Procès historique à Los Angeles opposant Meta et Google, accusés d’avoir sciemment conçu leurs plateformes pour rendre les jeunes utilisateurs dépendants. Le procès pourrait établir une référence sur la responsabilité des réseaux sociaux vis‑à‑vis des mineurs, et Mark Zuckerberg est attendu à la barre le 18 février.
Au cœur de l’affaire, Kaley G.M., une Californienne âgée de 20 ans, dont le dossier a été jugé suffisamment représentatif pour constituer ce recours, utilisait YouTube dès l’âge de six ans et détenait un compte Instagram à onze ans. Elle affirme avoir sombré dans une spirale de dépression, d’anxiété et de troubles de l’image de soi, directement liés à son addiction aux réseaux sociaux.
Dans son propos liminaire, l’avocat de la plaignante, Mark Lanier, a déclaré que les géants de la Silicon Valley avaient « fabriqué l’addiction dans des cerveaux d’enfants », non pas par accident mais intentionnellement, en s’appuyant sur des documents internes à Google et Meta.
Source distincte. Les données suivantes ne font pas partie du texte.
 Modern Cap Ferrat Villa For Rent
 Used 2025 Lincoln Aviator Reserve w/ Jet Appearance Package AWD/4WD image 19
L’un d’eux, issu d’une présentation chez Google, évoque comme objectif affiché « l’addiction des internautes ». « C’est leur doctrine », a-t-il lancé devant les douze jurés, après plus d’une semaine de délibérations sur la composition du jury.
Le PDG de Meta est attendu à la barre le 18 février et Adam Mosseri, responsable d’Instagram, commencera à témoigner le lendemain. L’avocat a rappelé le modèle économique fondé sur la publicité, dont les tarifs dépendent du temps passé sur les plateformes. « Ce qu’ils vendent aux annonceurs, ce n’est pas un produit, c’est l’accès à Kaley », a-t-il résumé. Le procès, présidé par la juge Carolyn Kuhl, devrait durer plus d’un mois. TikTok et Snapchat, initialement visés, ont choisi de transiger pour un montant confidentiel; YouTube, filiale de Google, et Meta restent donc sur le banc des accusés.
Les débats ne porteront pas sur les contenus toxiques, déprimants ou manipulatoires que l’on peut trouver sur ces plateformes, car la loi américaine, en particulier la section 230 du Communications Decency Act, les exonère largement de toute responsabilité pour des contenus publiés par des tiers. Pour contourner cet obstacle, les plaignants attaquent la conception même des réseaux sociaux: les algorithmes et les fonctions de personnalisation qui encouragent le visionnage compulsif.
Cette stratégie n’est pas sans rappeler celle qui avait conduit à condamner l’industrie du tabac dans les années 1990 et 2000. Les avocats de Meta et YouTube ont d’ailleurs tenté, vendredi, d’interdire toute analogie avec les produits addictifs comme le tabac et les opioïdes; la juge Kuhl a rejeté leur demande.
La sélection du jury, entamée le 27 janvier, a nécessité six journées de délibération. Les avocats de Meta ont dû écarter de nombreux candidats hostiles au créateur de Facebook. En face, les conseils de la plaignante ont récusé en majorité des hommes jugés enclins à imputer la mauvaise santé mentale des jeunes aux défaillances de l’autorité parentale plutôt qu’aux concepteurs des plateformes.
Cette affaire pourrait fixer une référence pour des centaines de plaintes similaires déposées en Californie. Au Nouveau-Mexique, une autre procédure accuse Meta de privilégier le profit à la protection des mineurs contre les prédateurs et doit aussi s’ouvrir cette semaine. Parallèlement, l’addiction aux réseaux sociaux fait l’objet d’une procédure de masse portée devant une juge fédérale d’Oakland, près de San Francisco.